Background: The long-term results of endocardial and percutaneous epicardial catheter ablation of ventricular tachycardia (VT) in patients with structural heart disease are disappointing. Arrhythmia recurrence after ablation and VTs with an epicardial substrate remain a clinical challenge. The purpose of this manuscript is to elaborate on feasibility and potential advantages of a surgical hybrid ablation (i.e., combined endocardial and surgical epicardial ablation) based on our initial experience consisting of five cases.
Methods: Endocardial electro-anatomical voltage and activation maps were created (Carto, Biosense Webster, California, USA), and endocardial radiofrequency (RF) applications were applied at exit sites, low voltage areas and isthmi.
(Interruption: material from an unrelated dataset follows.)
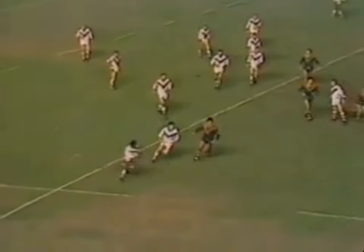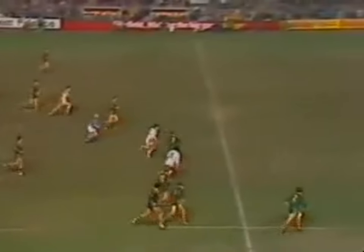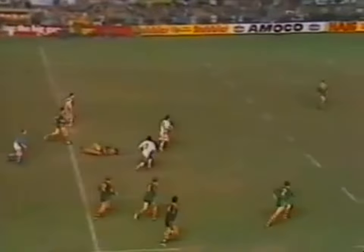And from head on it looked like this, from this angle, with Des Drummond with that neat little step inside. And that's what started it, with the defence coming across one way and then were wrong footed. And Schofield with that clear room was able to make the initial bust away from the tackle of Mark Murray.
Next, after surgical access, epicardial voltage and activation maps were produced in combination with visual assessment of the epicardial substrate. Epicardial low voltage areas, isthmi and exit sites were identified and ablated using RF energy.
Results: After the procedure, VT was non-inducible in 80% of the cases (4/5, in one case no induction was performed). No peri-procedural complications occurred. After a mean follow-up of 18 months, one patient remained in sinus rhythm without, and 2 with use of antiarrhythmic drugs. One patient needed a redo procedure after 21 months, and in one patient the amiodarone dose was raised because of 2 sustained VTs. After this additional treatment, both kept sinus rhythm.
Conclusions: Hybrid VT ablation is a safe and effective patient tailored procedure that comprises the major advantage of combining direct anatomical visualization and enhanced catheter stability with high-density 3D mapping. As a consequence, this procedure should be considered as a valid treatment option in complex VT management.